The whole purpose of this letter is found in v. 13 – “I
write these things to you who believe in the name of the Son of God so that you
may know that you have eternal life.”
The letter aims not simply at imparting some information. The letter aims at instilling confidence and
assurance in us that we are God’s children, that God has given us eternal life
now. So what God has already done for us
is available to us in our own experience of the world, and that’s another
important kind of testimony.
And this life-changing letter of I John is as clear as can
be: the love of the invisible God is made real for us only in the visible ways
we love one another. We experience and
express God’s love by meeting the ordinary needs of people around us.
So we might respond to our friend this way, “You’re
right. Life sometimes makes it hard to
believe that everything and everyone is loved by God. Lots of our own experience seems to
contradict that. So I guess I’ve had to
learn to look for signs of God’s love in the ways people love and care for one
another. That’s what gives me confidence. I see people make sacrifices, not just for
their own children, but for people they don’t even know that well. I see people share their money, time, and
energy to help others that could never pay them back.
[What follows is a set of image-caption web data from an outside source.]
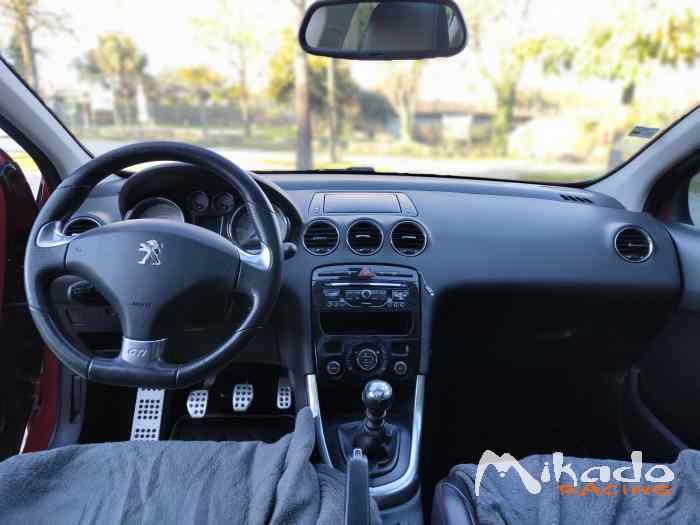 PEUGEOT 308 GTI THP 200 5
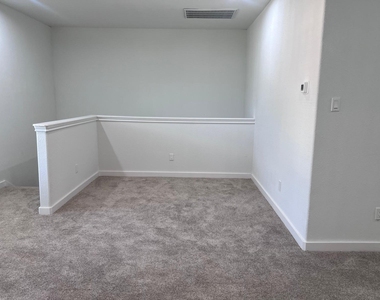 9210 Martell Street - Photo Thumbnail 11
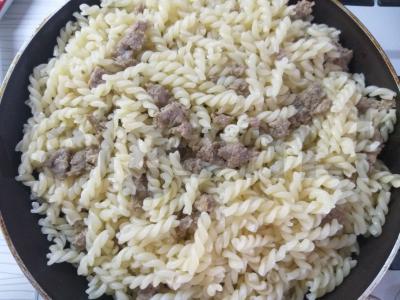 Makaronai su faršu ir paprika Žingsnis 2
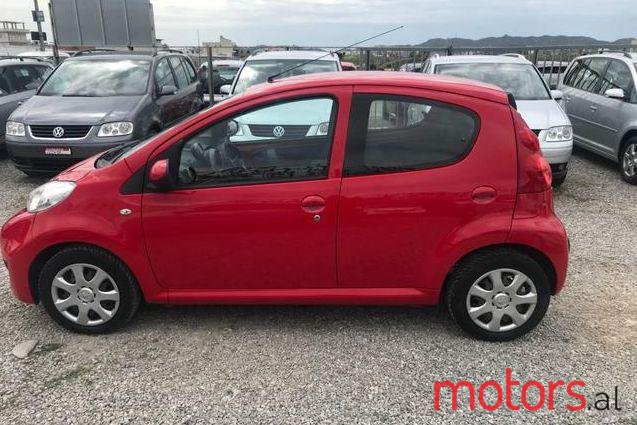 2011' Peugeot 107 photo #2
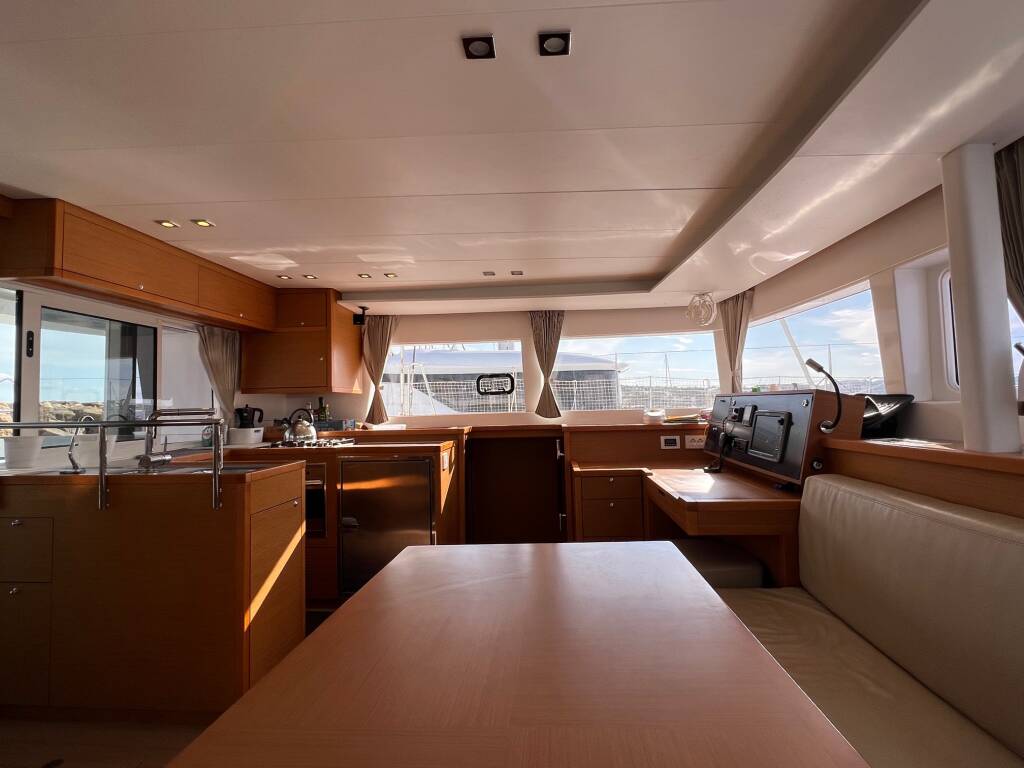 Lagoon 450  Flybridge Ocean Mares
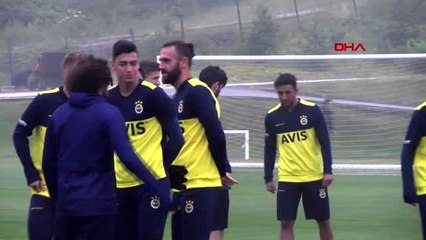 SPOR Fenerbahçe'de neşeli idman -1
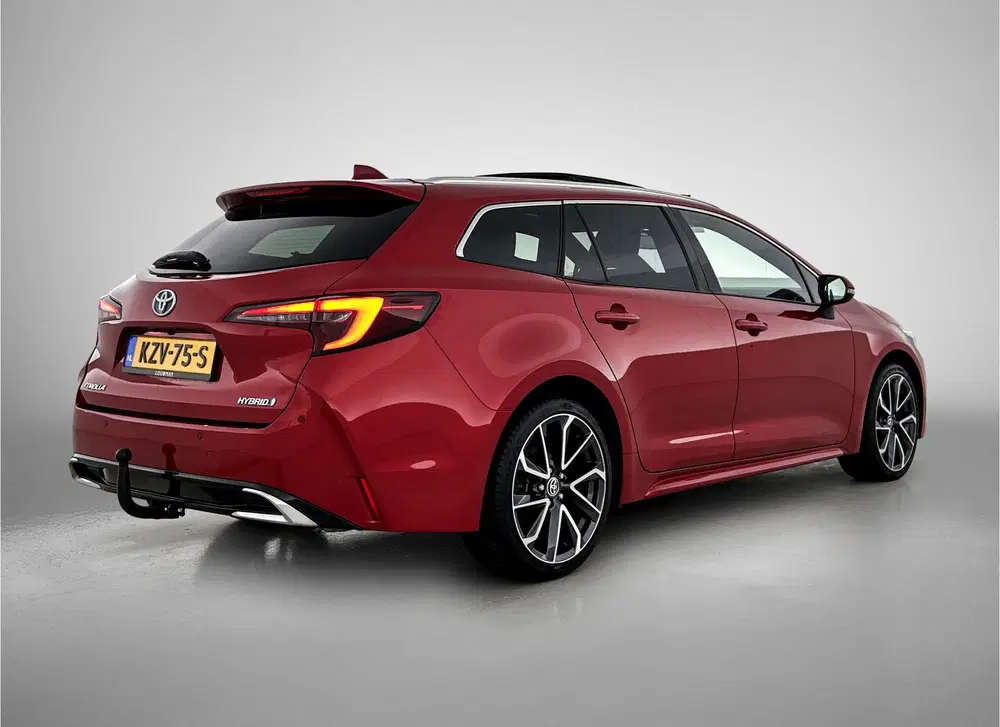 Toyota Corolla 2.0 Hybrid Executive uit 2023, foto 2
I see people go out of their way to say kind and
encouraging things to folks in difficult situations. I see people giving rides to others, visiting
them when they’re sick, helping them pay bills when the money runs out. And for me, those experiences give me
confidence that God’s love is real.”
Now for some of you the kind of testimony and evidence we’ve
talked about this morning will not be enough.
You were wanting and expecting something more. But the most faithful thing we can do as a
congregation is to refuse to offer one another illusions and false
confidence. There is no knock-down,
drag-out argument that all of this is true.
You have to gamble. You have to
place a bet based on what you’ve experienced.
You have to say “Yes” with your life to the God who appears quietly in
small acts of love and then seems to vanish for long periods of our lives.
Giving testimony is a central practice for people of
faith. We are to learn the skill of
testifying to our trust in God just like we learn to sing and pray and serve
and give and care. When we point others
to the gospel stories, and to the Spirit’s work, and to our own experience of
God’s love – and when we do all this with humility and kindness – God will do
the rest, drawing others into the joy of the good news.